**Problem**
The lines to reproduce from the material below are those from the one containing "Vestido Marta Rolling" through the one containing "2017 NISSAN PATHFINDER - 5N1DR2MM6HC633480", both included; write them out exactly and add nothing.

**Data records**
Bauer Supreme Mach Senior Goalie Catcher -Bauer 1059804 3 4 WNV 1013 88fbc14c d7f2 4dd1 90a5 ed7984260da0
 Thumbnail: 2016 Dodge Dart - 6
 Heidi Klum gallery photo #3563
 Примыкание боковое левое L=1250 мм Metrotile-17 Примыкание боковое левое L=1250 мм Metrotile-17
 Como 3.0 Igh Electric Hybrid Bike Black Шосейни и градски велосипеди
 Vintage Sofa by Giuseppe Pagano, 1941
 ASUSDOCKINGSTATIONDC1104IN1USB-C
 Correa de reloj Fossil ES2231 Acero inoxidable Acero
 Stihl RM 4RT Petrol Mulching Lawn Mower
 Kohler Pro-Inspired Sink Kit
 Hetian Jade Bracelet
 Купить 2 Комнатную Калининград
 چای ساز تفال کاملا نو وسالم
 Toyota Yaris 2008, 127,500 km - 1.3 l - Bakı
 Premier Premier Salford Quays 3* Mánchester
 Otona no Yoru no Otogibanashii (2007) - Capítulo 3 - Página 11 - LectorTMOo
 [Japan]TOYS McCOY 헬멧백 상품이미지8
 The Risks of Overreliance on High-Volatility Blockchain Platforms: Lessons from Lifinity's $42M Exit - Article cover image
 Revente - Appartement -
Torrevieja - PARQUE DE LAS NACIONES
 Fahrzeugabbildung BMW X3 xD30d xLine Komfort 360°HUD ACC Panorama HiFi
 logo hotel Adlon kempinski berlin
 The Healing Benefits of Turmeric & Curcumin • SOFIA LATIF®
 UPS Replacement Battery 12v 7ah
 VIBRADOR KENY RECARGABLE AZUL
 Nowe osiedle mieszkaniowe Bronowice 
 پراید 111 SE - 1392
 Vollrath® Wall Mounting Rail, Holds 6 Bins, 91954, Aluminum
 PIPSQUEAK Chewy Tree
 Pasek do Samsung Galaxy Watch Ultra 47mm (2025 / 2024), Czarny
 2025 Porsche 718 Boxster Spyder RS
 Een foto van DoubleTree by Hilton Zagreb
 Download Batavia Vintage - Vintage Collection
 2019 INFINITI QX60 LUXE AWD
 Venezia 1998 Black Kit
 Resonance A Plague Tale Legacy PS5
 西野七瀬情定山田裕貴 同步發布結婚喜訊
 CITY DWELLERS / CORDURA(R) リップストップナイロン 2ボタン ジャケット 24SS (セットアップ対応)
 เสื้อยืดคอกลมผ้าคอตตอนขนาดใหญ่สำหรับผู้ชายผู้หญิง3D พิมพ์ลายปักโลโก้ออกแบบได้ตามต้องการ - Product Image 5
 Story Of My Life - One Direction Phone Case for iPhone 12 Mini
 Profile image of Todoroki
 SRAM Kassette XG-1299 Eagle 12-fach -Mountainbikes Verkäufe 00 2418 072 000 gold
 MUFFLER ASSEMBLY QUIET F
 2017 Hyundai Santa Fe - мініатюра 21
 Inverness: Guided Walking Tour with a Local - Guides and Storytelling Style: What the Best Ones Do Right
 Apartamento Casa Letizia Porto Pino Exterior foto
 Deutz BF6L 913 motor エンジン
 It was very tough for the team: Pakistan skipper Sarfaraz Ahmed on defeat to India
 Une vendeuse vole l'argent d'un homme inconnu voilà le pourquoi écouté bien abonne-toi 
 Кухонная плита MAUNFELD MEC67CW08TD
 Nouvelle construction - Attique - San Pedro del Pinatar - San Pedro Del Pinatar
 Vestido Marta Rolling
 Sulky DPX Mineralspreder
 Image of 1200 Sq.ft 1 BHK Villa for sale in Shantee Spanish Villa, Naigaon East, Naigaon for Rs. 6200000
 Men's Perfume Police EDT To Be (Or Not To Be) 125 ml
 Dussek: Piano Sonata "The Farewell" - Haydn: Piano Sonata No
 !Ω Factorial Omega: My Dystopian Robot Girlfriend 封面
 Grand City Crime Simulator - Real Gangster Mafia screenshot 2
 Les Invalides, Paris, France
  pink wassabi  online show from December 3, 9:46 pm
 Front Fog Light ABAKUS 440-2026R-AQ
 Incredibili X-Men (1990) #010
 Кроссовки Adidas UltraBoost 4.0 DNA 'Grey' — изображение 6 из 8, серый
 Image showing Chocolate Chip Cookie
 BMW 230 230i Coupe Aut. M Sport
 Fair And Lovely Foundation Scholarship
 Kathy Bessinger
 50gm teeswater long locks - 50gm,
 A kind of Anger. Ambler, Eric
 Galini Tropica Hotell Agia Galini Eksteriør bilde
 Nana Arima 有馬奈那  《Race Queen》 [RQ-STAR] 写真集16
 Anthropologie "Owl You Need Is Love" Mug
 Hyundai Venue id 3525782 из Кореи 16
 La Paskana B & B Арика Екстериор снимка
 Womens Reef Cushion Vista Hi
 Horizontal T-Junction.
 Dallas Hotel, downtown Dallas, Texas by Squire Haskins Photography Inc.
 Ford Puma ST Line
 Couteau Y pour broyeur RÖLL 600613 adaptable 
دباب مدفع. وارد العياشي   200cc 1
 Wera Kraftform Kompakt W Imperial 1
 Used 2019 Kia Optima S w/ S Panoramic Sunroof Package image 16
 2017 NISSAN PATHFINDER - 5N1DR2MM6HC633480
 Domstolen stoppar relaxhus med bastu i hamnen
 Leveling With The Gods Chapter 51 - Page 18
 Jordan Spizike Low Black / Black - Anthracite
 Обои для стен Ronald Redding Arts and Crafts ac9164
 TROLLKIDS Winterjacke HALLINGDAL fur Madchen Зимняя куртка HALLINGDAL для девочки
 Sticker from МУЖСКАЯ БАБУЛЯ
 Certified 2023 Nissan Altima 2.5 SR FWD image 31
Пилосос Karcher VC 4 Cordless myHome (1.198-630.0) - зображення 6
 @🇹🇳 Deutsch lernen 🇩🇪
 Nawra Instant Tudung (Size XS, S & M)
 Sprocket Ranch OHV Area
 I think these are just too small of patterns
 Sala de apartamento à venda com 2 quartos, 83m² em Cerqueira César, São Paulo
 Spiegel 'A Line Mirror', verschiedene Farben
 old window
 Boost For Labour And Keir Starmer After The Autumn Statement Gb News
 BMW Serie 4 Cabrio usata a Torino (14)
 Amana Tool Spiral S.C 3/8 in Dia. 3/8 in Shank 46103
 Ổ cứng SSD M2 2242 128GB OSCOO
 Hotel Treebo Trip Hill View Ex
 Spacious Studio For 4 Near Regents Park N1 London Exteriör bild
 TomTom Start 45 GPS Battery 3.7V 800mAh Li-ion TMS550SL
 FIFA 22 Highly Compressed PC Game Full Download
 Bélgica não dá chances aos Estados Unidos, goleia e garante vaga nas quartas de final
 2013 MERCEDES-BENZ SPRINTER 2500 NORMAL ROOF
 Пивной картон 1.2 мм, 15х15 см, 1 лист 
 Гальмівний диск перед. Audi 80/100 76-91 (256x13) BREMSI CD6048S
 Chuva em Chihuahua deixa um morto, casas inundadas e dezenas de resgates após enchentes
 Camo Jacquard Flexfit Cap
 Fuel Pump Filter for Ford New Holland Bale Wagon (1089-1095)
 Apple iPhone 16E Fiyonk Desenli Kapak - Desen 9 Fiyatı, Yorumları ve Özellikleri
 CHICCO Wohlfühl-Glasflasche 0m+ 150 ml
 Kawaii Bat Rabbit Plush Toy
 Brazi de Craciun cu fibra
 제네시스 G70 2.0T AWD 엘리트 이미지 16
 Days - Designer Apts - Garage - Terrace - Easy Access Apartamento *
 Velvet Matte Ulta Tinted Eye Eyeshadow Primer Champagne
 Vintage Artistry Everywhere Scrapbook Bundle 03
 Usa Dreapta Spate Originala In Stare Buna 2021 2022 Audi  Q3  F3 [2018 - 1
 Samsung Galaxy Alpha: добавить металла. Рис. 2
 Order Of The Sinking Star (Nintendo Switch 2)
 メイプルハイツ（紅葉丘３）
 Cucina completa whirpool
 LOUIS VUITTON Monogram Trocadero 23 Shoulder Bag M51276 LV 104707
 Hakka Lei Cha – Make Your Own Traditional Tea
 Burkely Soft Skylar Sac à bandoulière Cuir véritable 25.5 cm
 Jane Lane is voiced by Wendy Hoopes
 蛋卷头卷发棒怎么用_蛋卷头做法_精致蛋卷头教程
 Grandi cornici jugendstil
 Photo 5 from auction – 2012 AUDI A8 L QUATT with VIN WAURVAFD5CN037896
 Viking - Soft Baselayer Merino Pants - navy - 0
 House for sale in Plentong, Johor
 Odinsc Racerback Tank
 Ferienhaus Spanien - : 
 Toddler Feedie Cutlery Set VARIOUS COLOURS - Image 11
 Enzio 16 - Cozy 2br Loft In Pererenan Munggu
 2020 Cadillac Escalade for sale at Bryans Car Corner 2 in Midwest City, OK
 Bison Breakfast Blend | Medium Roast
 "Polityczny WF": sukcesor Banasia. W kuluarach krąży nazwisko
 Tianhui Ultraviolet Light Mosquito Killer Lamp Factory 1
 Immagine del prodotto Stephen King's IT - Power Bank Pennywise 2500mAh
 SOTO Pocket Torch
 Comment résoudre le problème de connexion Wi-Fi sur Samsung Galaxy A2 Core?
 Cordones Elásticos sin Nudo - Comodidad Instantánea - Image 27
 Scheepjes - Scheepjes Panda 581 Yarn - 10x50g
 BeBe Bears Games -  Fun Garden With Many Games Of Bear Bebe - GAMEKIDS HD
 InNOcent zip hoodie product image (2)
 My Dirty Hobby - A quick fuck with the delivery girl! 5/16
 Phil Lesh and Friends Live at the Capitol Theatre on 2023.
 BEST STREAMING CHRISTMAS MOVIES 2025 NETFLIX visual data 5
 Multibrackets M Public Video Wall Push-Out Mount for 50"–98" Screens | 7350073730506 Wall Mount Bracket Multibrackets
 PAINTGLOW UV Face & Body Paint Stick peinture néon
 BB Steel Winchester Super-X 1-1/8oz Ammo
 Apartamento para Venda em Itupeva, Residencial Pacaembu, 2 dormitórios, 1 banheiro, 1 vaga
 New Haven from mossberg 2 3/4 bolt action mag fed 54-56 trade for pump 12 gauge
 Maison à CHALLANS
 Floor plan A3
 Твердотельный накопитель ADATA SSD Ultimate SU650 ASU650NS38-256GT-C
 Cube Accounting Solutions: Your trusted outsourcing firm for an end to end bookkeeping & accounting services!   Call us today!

**Reply**
 Vestido Marta Rolling
 Sulky DPX Mineralspreder
 Image of 1200 Sq.ft 1 BHK Villa for sale in Shantee Spanish Villa, Naigaon East, Naigaon for Rs. 6200000
 Men's Perfume Police EDT To Be (Or Not To Be) 125 ml
 Dussek: Piano Sonata "The Farewell" - Haydn: Piano Sonata No
 !Ω Factorial Omega: My Dystopian Robot Girlfriend 封面
 Grand City Crime Simulator - Real Gangster Mafia screenshot 2
 Les Invalides, Paris, France
  pink wassabi  online show from December 3, 9:46 pm
 Front Fog Light ABAKUS 440-2026R-AQ
 Incredibili X-Men (1990) #010
 Кроссовки Adidas UltraBoost 4.0 DNA 'Grey' — изображение 6 из 8, серый
 Image showing Chocolate Chip Cookie
 BMW 230 230i Coupe Aut. M Sport
 Fair And Lovely Foundation Scholarship
 Kathy Bessinger
 50gm teeswater long locks - 50gm,
 A kind of Anger. Ambler, Eric
 Galini Tropica Hotell Agia Galini Eksteriør bilde
 Nana Arima 有馬奈那  《Race Queen》 [RQ-STAR] 写真集16
 Anthropologie "Owl You Need Is Love" Mug
 Hyundai Venue id 3525782 из Кореи 16
 La Paskana B & B Арика Екстериор снимка
 Womens Reef Cushion Vista Hi
 Horizontal T-Junction.
 Dallas Hotel, downtown Dallas, Texas by Squire Haskins Photography Inc.
 Ford Puma ST Line
 Couteau Y pour broyeur RÖLL 600613 adaptable 
دباب مدفع. وارد العياشي   200cc 1
 Wera Kraftform Kompakt W Imperial 1
 Used 2019 Kia Optima S w/ S Panoramic Sunroof Package image 16
 2017 NISSAN PATHFINDER - 5N1DR2MM6HC633480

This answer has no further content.